By | August 24, 2008

Pay attention: there is an excellent and thought-provoking post over at Shapely Prose by guest blogger Occhiblu, who takes issue with an article uncritically linked on Junkfood Science on Friday.

Sandy calling this article “profound” and explicitly linking it to weight-based discrimination in the U.S. is problematic, to say the least. Saying that this is where “we’re being led in the name of perfect health and bodies, and in the war on obesity” endorses this view that somehow the Chinese are more oppressively perfectionist than the West and uses the racism of the original column to erase the reality of Chinese culture in order to make a point about fat discrimination. She tosses Chinese culture and values under the bus in her effort to talk about why fat discrimination is bad.

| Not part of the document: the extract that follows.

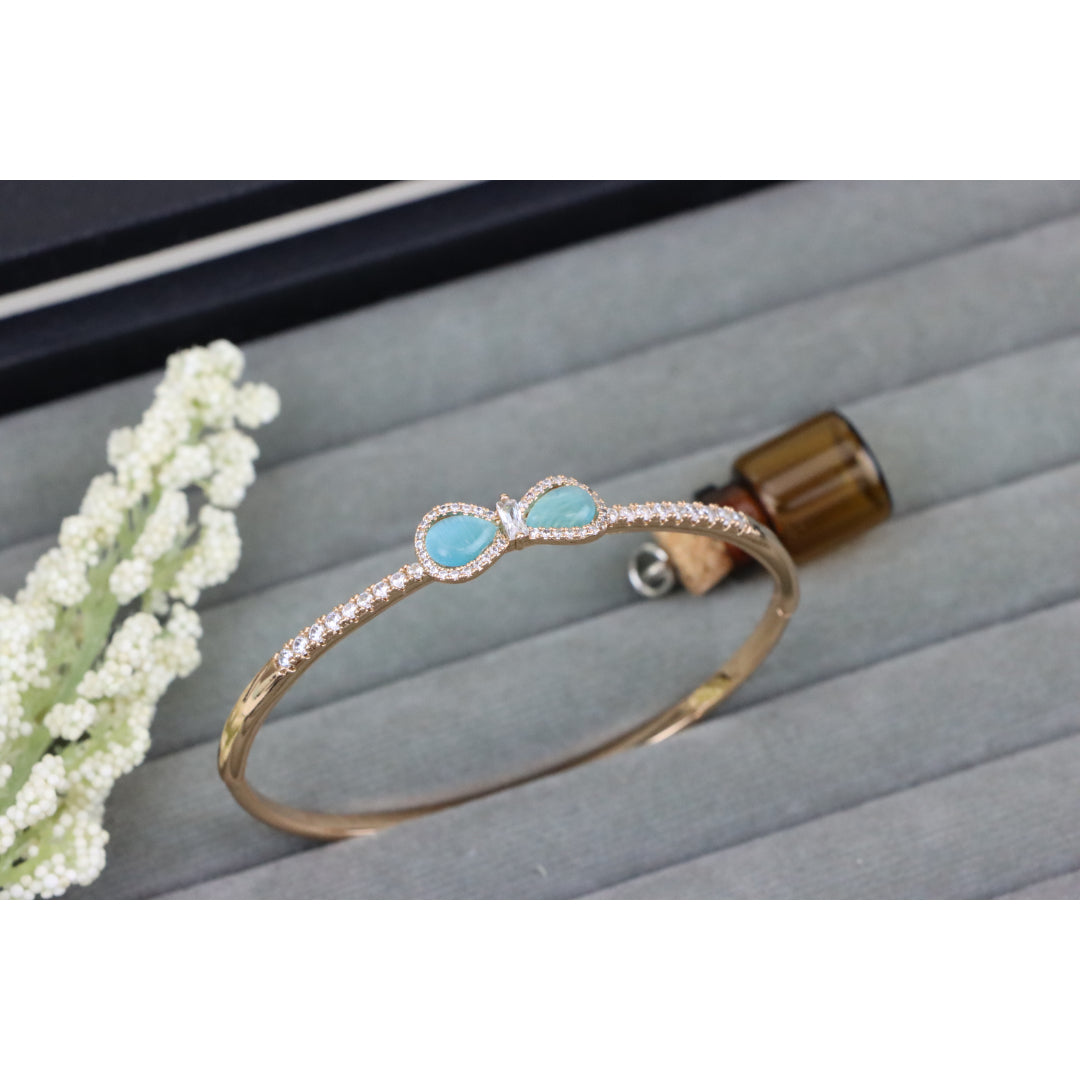 Elegant Rose Gold Bangle with Aqua Bow and Crystal Accents, XPBL0423 (2043-3)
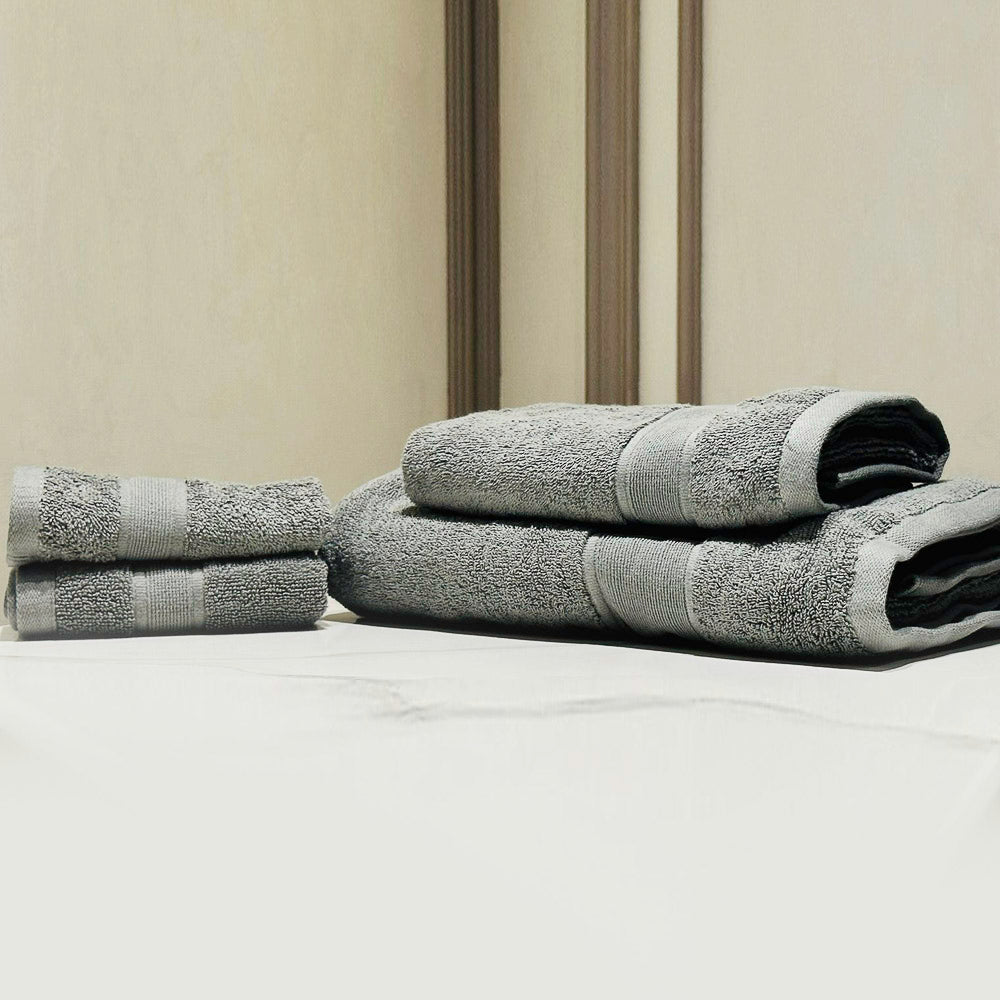 4 Pcs bath towel set grey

Occhiblu makes some great points, and the post serves as a hard reminder that when folks observe that fat acceptance has done an imperfect job of addressing its racism, they’re not necessarily accusing people of being candidly Racist-With-A-Capital-R-And-A-Pointy-Hat. The failure we’re most often guilty of is not being overtly offensive but simply not thinking critically about race when we’re going about the daily business of FA. This, I would hazard, was a case of someone simply failing to consider the racist implications of the article; for white folks in particular, this is an easy thing to overlook.

It’s a continuing process, and one we all have to recommit to every day, even when we fuck it up. Like riding a bicycle; when I fall off, I don’t throw the bike away – I get back on and give it another go even at risk of skinned knees.